== ENTRIES SHOWN
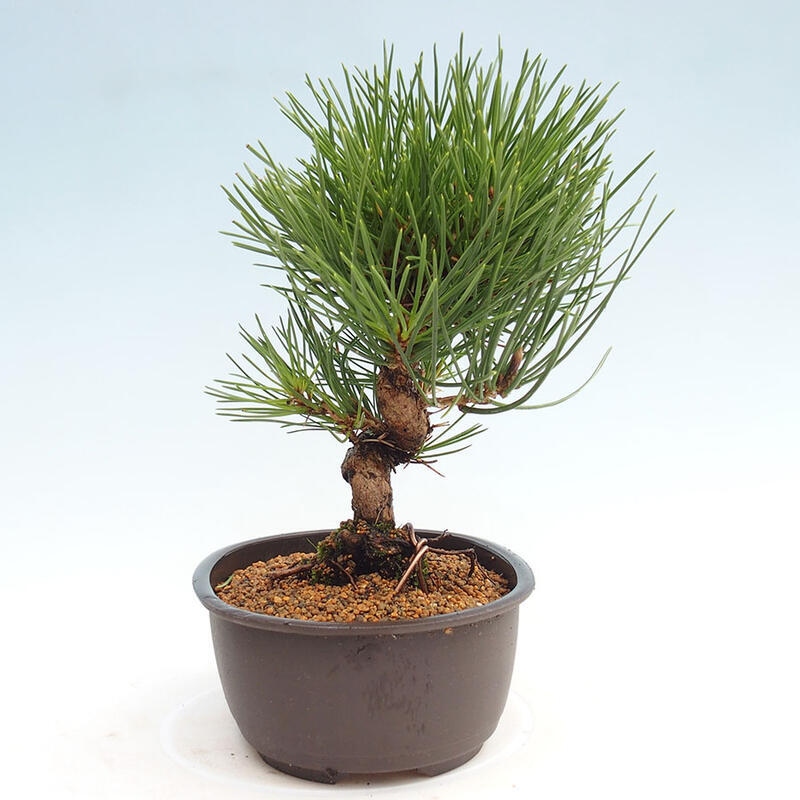 Venkovní bonsai - Pinus thunbergii - Borovice thunbergova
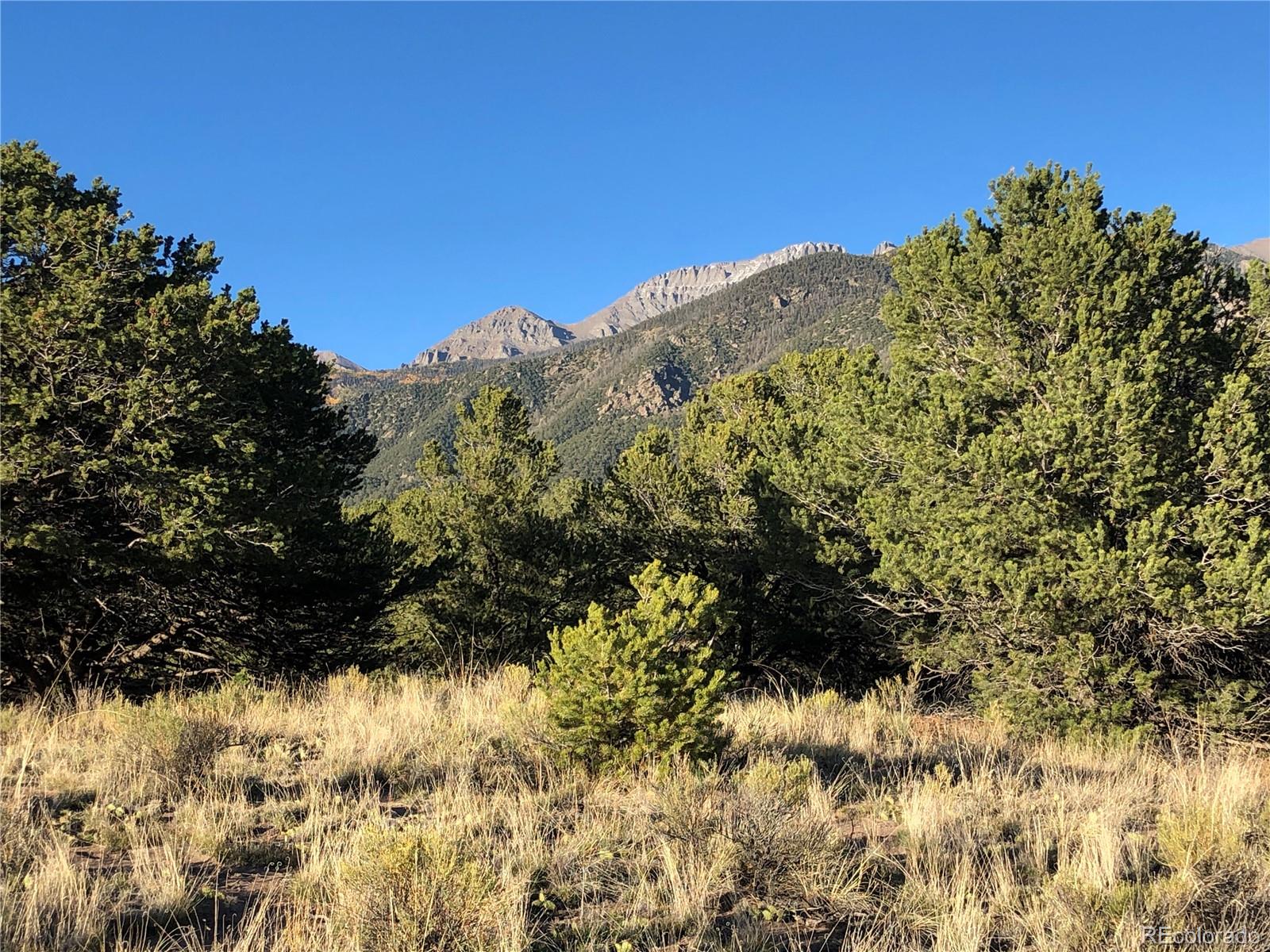 4480 Ridgecrest Way Crestone, CO 81131 - Photo 21 of 24 a view of a large tree with a yard in front of it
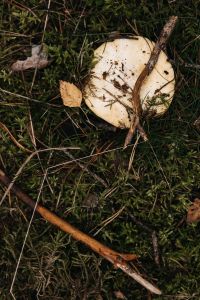 Mushroom - moss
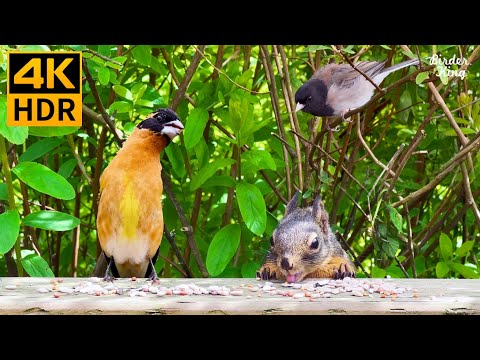 Видео: КОШКА ТВ 😺 Милые птицы и белки летом 🐦🐿 8 часов (4K HDR)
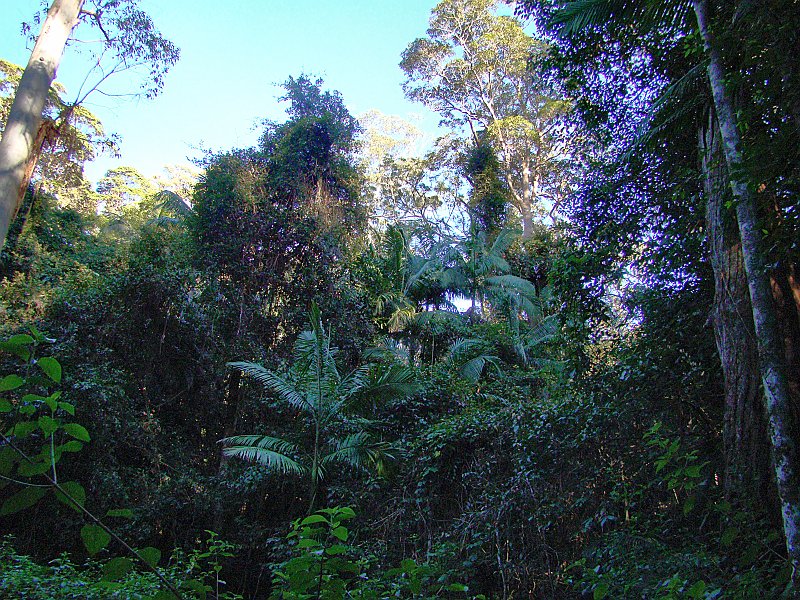 0065_Rainforest.JPG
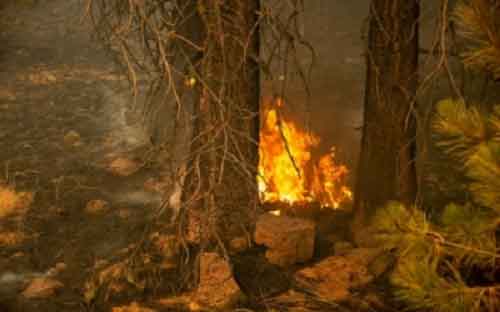 Death toll in Chile forest fires rises to 131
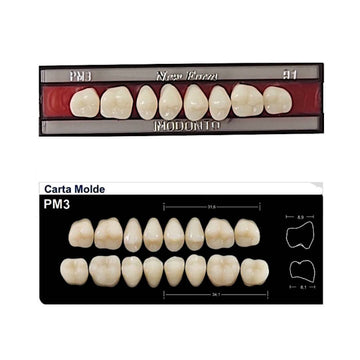 Dente New Form Posterior PM3 Superior - Imodonto - Dental Access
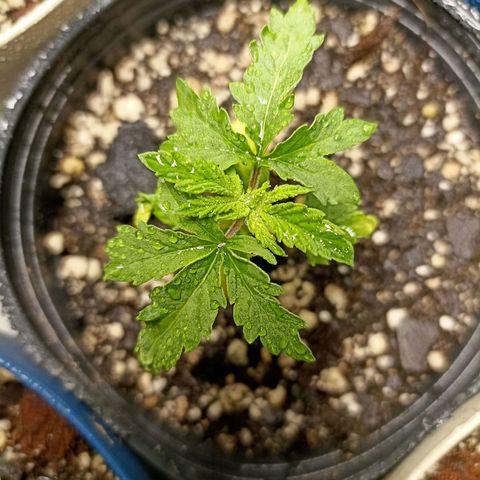 Cherry Noir 3 growlog timeline photo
====
§ **EXERCISE**
Write out, with no pictures, only the lines from the line containing "Dente New Form" through the last line of the listing above, exactly and with both ends included.

§ **ANSWER FOR THE TASK**
 Dente New Form Posterior PM3 Superior - Imodonto - Dental Access
 Cherry Noir 3 growlog timeline photo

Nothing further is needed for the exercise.